The governor of Kuwait’s central bank has warned of the negative impact of a tax on remittances as the country’s high population of foreign workers continues to dominate political debate.
Mohammad Al Hashel said the bank does not support a tax on remittances because the “negative impact on the overall economy is far greater than the expected income”, local daily Al Seyassah reported on Tuesday.
He added that remittance figures circulated by the country’s media were exaggerated and didn’t take into account the costs of operating and administrating a tax as well as likely efforts to avoid paying the fee by using other channels.
MPs in the country’s National Assembly parliament have repeatedly called for the introduction of limits and fees for foreign workers in recent months as the government seeks to introduce new austerity measures.
Recent calls have included increasing expat healthcare costs and banning new arrivals from driving.
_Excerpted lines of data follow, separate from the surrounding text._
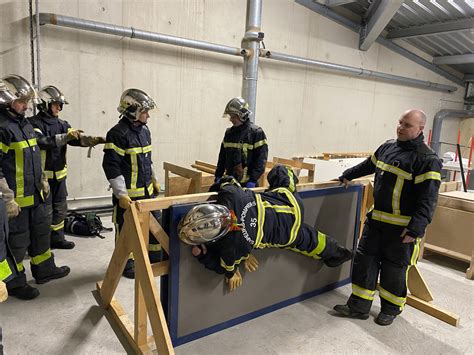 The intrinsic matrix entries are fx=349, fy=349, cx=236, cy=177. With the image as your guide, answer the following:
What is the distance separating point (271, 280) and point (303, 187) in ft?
2.24

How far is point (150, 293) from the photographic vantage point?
70.7 inches

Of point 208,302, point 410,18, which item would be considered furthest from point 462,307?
point 410,18

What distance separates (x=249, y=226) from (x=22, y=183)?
166 centimetres

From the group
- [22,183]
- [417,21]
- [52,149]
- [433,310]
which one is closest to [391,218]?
[433,310]

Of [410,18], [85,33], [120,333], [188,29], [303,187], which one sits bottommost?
[120,333]

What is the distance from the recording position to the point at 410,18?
6.71 metres

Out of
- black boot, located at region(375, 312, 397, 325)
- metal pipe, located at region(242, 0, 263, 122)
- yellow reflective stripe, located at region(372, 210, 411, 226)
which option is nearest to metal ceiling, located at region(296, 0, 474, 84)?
metal pipe, located at region(242, 0, 263, 122)

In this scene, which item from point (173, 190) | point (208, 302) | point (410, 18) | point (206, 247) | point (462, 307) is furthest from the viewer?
point (410, 18)

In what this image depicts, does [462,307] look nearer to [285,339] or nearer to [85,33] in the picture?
[285,339]

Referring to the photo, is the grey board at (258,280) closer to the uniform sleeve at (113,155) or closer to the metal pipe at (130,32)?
the uniform sleeve at (113,155)

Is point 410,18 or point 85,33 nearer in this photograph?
point 85,33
The government will also introduce new increased utility rates for businesses and expats later this month but not Kuwaiti citizens.
Al Hashel was quoted as saying a tax on remittances would increase costs for consumers, similarly to fears of the new utility rates.
The research department at Kuwait’s Ministry of State for National Assembly Affairs also recommended in a March study that the country implement a system to deport marginal labourers and set a timetable to stop the hiring of expats in the private sector, according to reports.
Some estimates suggest foreign workers make up 70 per cent of Kuwait’s 4.4 million population.